Skip the pictures and give back the rest of the listing exactly.

**Data for processing**
== Segment start ==
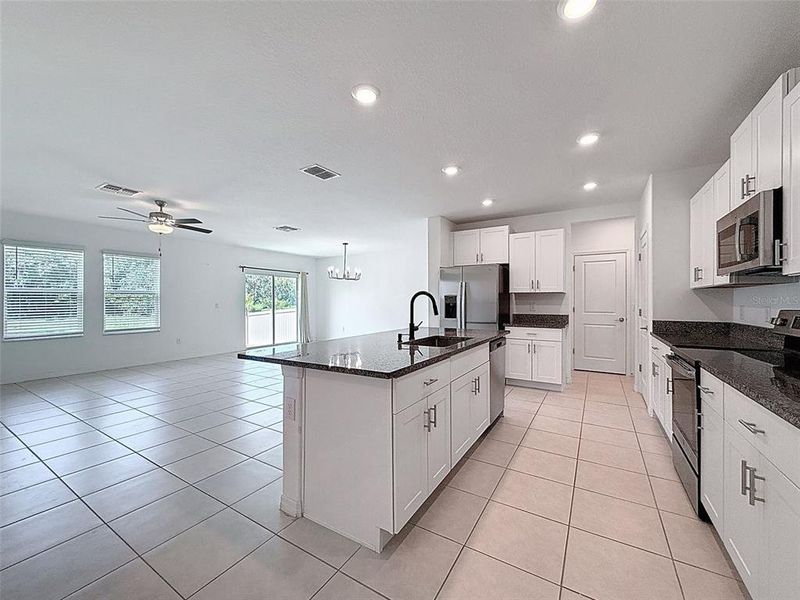 Furnished interior view inside a new home in , Lakeland (Image 18).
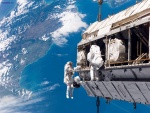 Astronautas trabajando en la estación espacial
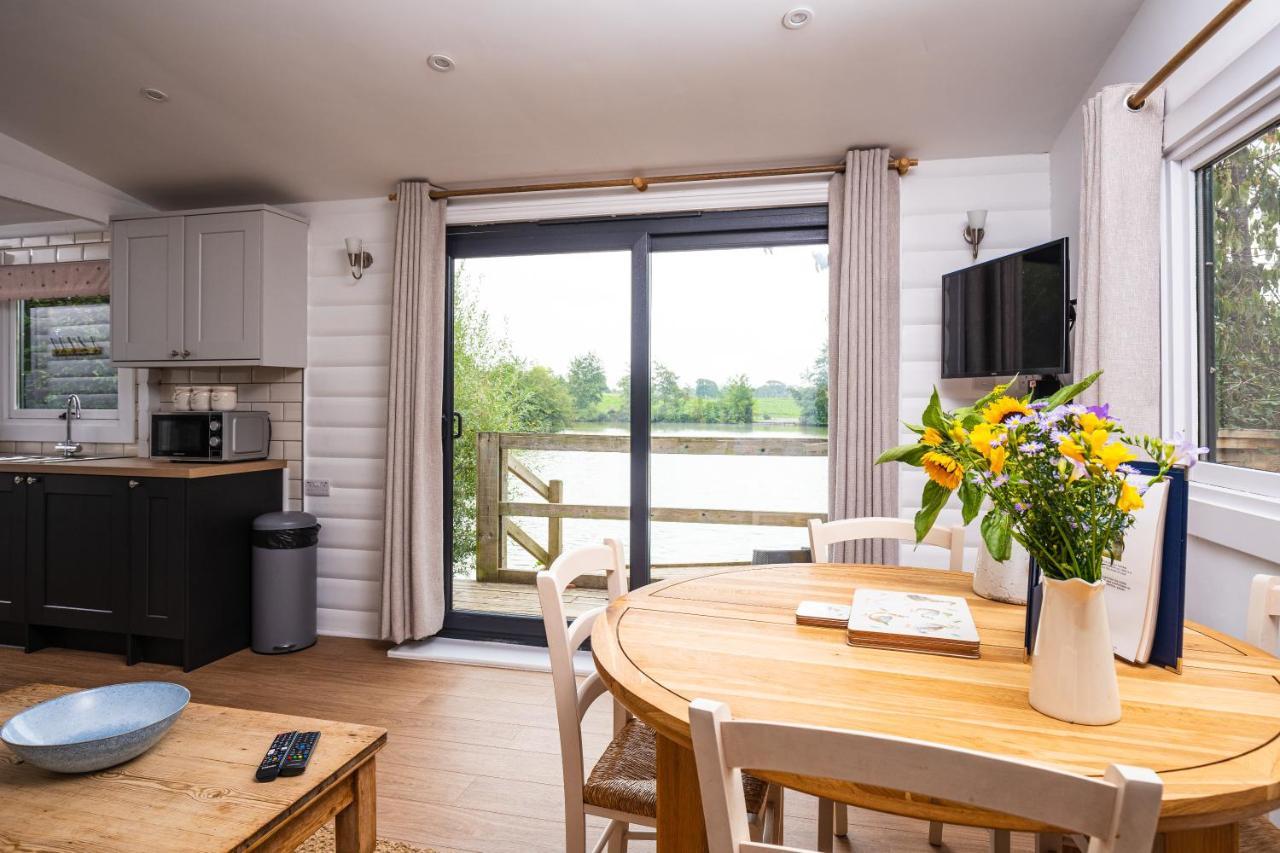 Sumners Ponds Fishery & Campsite Hotel Horsham Bagian luar foto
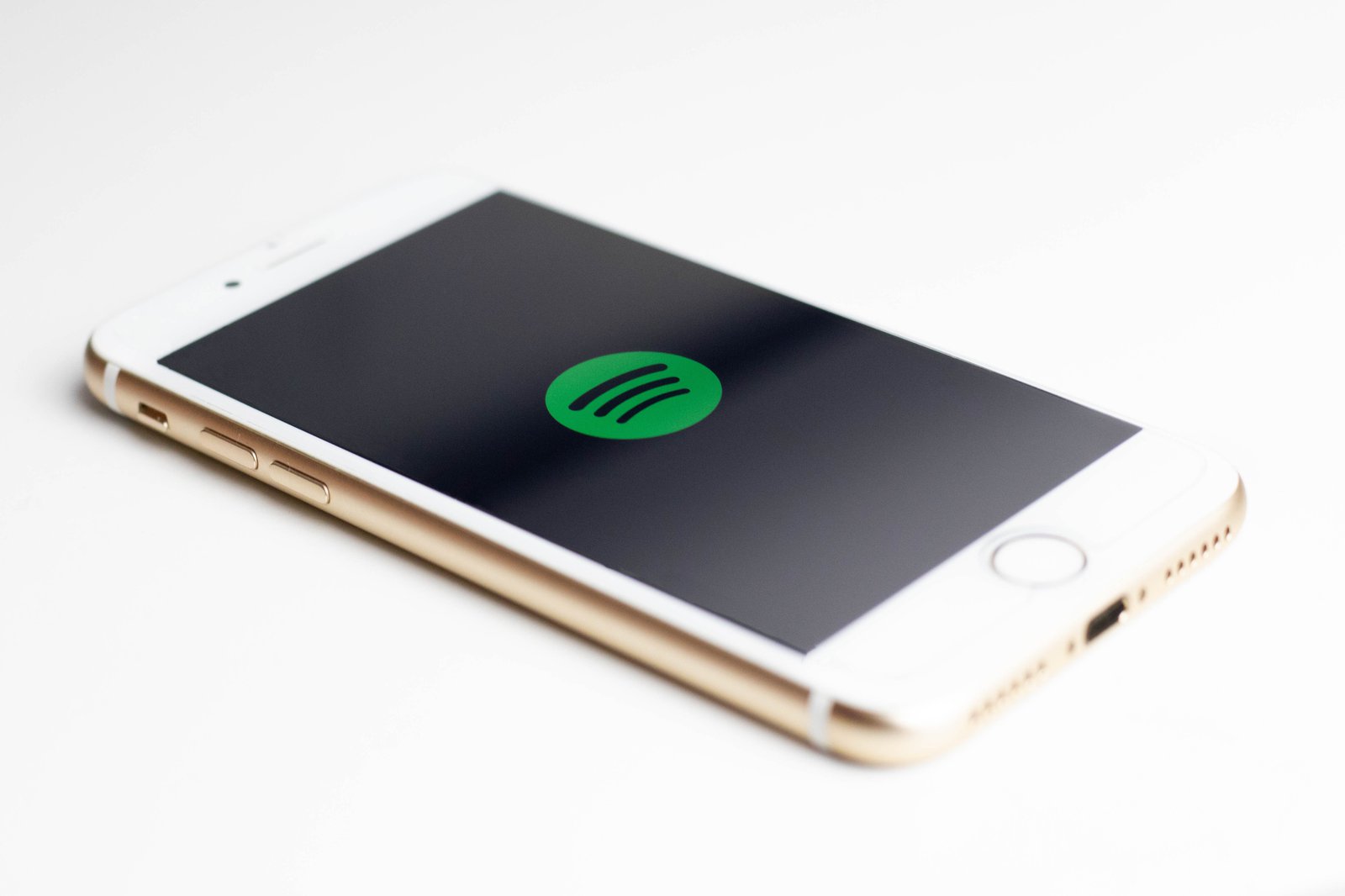 Ein iPhone auf dem das Spotify Logo zu sehen ist.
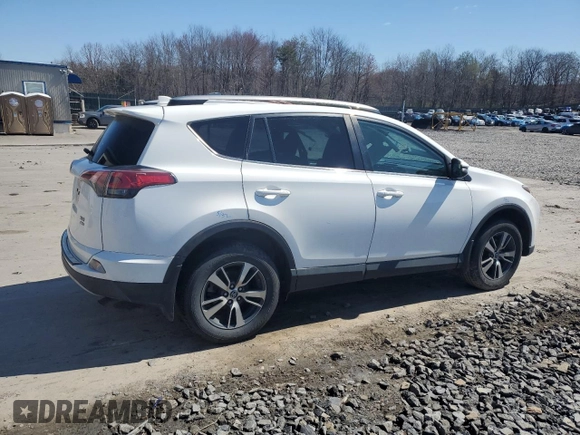 2018 Toyota RAV4 XLE with VIN 2T3RFREV8JW750032, listed as a Copart auction lot 53676475 with Not Provided miles and Salvage Title. Bid and sale history available at DreamBid. Image 3.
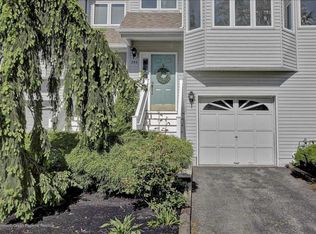 394 Begonia Ct #39F4, Toms River, NJ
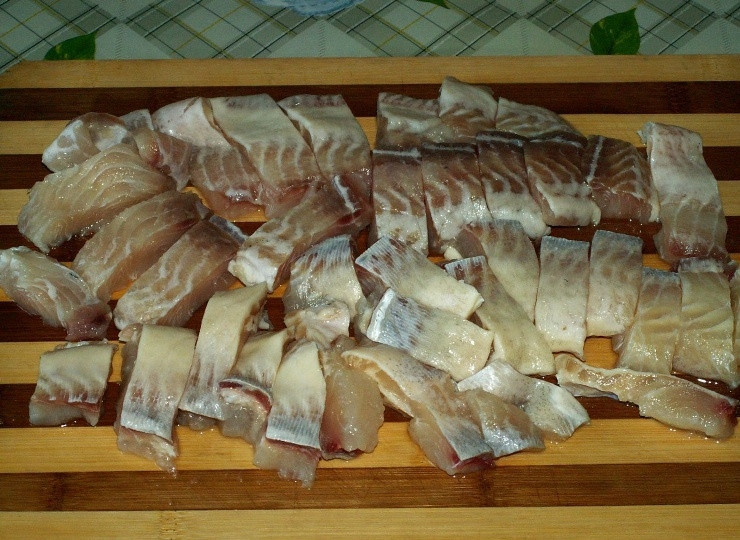 1. Этап. Морской язык в кляре: Для начала нам необходимо нарезать филе морского языка на средние кусочки.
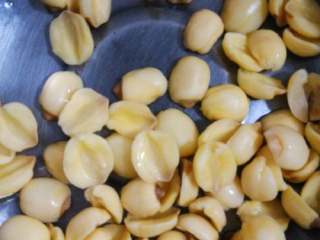 3、莲子山药米糊,把水倒掉去芯，掰成两半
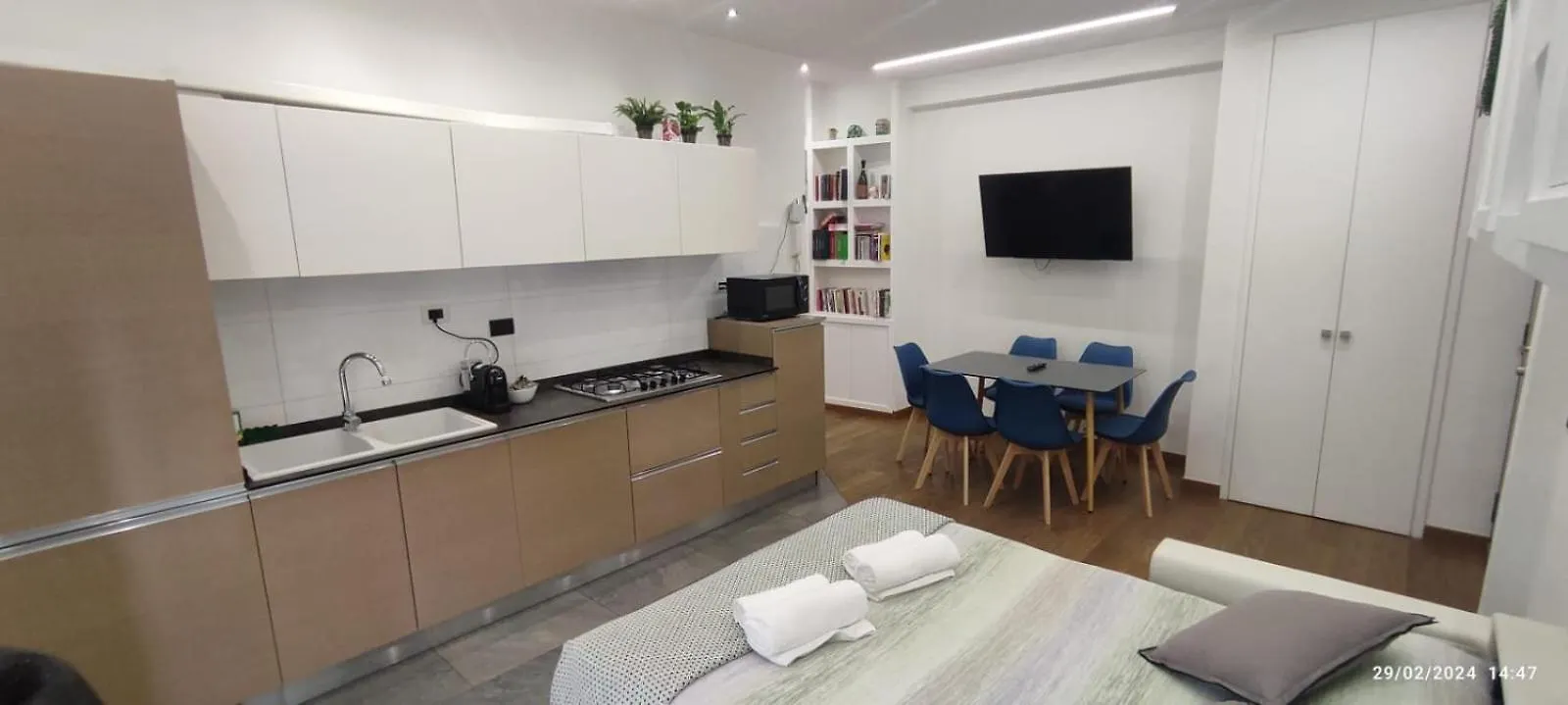 Stylish Apartment Rome Air Conditionig Wifi Tv 50 Metro 4 Minutes Away 0*,  Italy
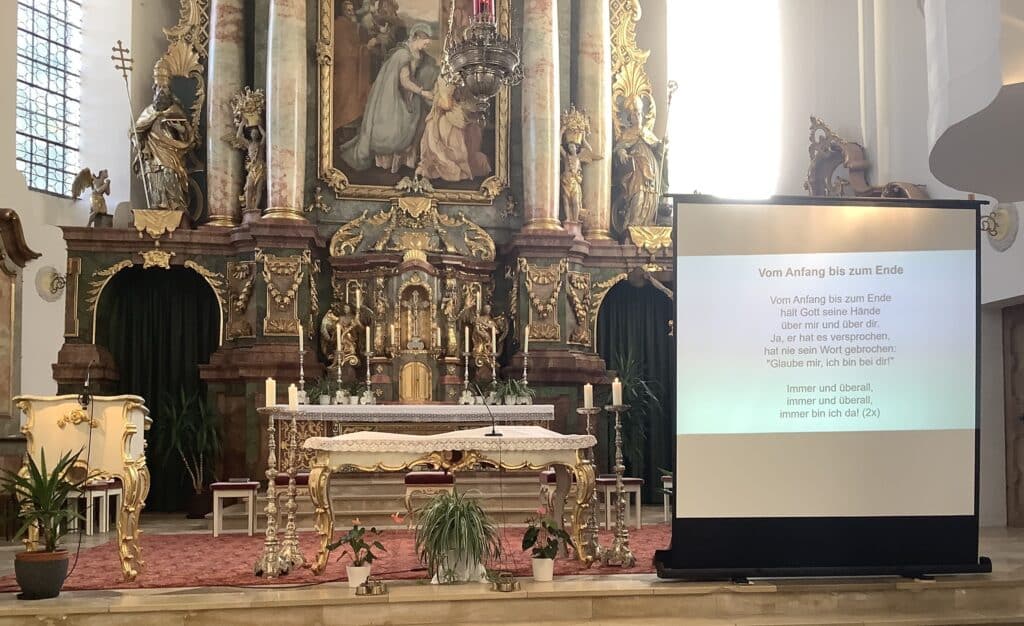 Altar der Bockhorner Kirche mit Beamerleinwand beim Schulanfangsgottesdienst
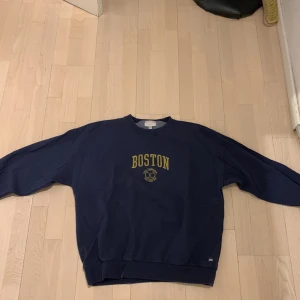 Collegetröja - En collegetröja från pull&bear. Den var en gåva så har inte koll på originella priset jag säljer för 150kr(utan frakt) använd 2 gånger!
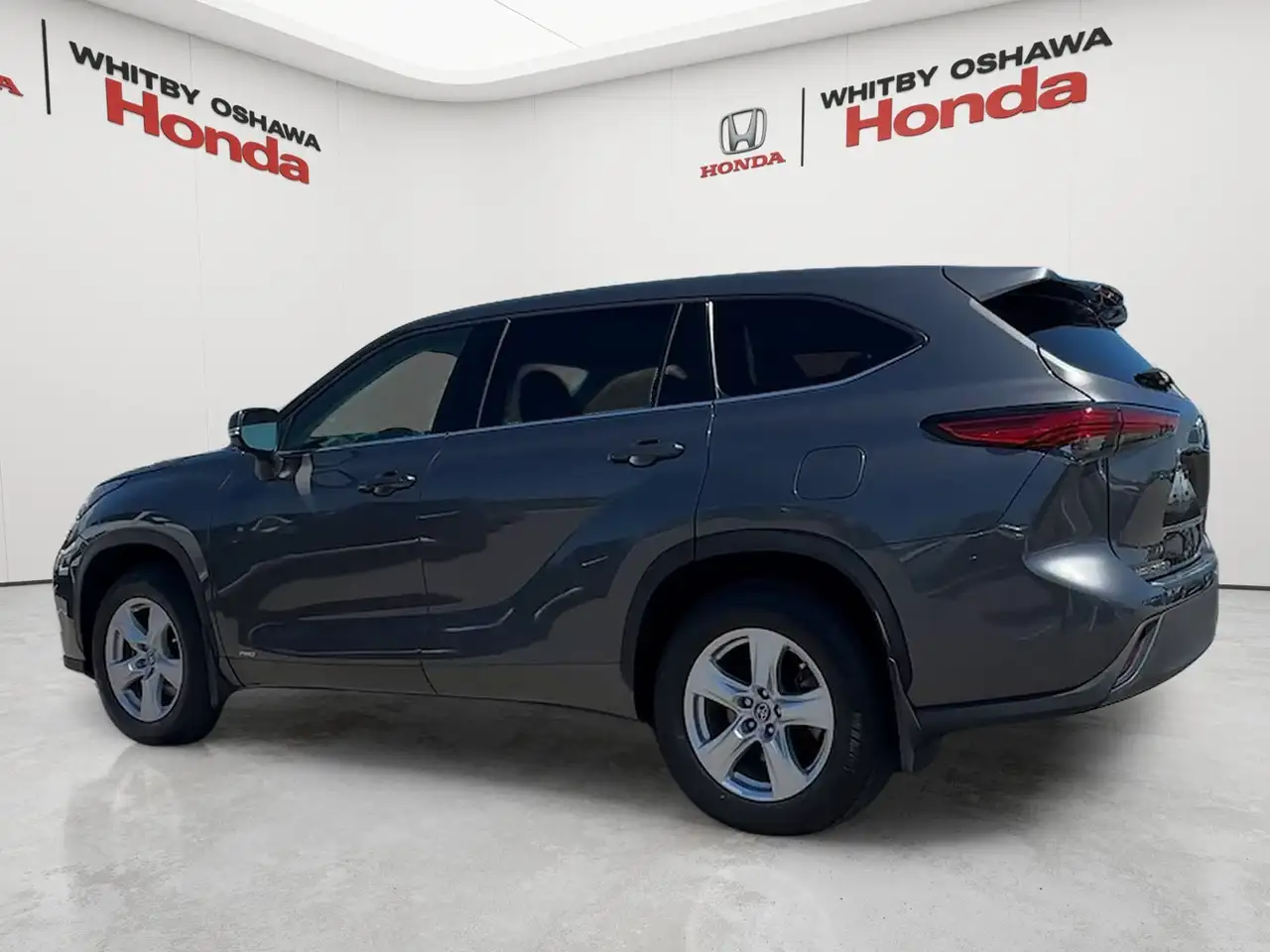 Toyota Highlander снимка Toyota Highlander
== Segment end ==
**Your solution**
 Furnished interior view inside a new home in , Lakeland (Image 18).
 Astronautas trabajando en la estación espacial
 Sumners Ponds Fishery & Campsite Hotel Horsham Bagian luar foto
 Ein iPhone auf dem das Spotify Logo zu sehen ist.
 2018 Toyota RAV4 XLE with VIN 2T3RFREV8JW750032, listed as a Copart auction lot 53676475 with Not Provided miles and Salvage Title. Bid and sale history available at DreamBid. Image 3.
 394 Begonia Ct #39F4, Toms River, NJ
 1. Этап. Морской язык в кляре: Для начала нам необходимо нарезать филе морского языка на средние кусочки.
 3、莲子山药米糊,把水倒掉去芯，掰成两半
 Stylish Apartment Rome Air Conditionig Wifi Tv 50 Metro 4 Minutes Away 0*,  Italy
 Altar der Bockhorner Kirche mit Beamerleinwand beim Schulanfangsgottesdienst
 Collegetröja - En collegetröja från pull&bear. Den var en gåva så har inte koll på originella priset jag säljer för 150kr(utan frakt) använd 2 gånger!
 Toyota Highlander снимка Toyota Highlander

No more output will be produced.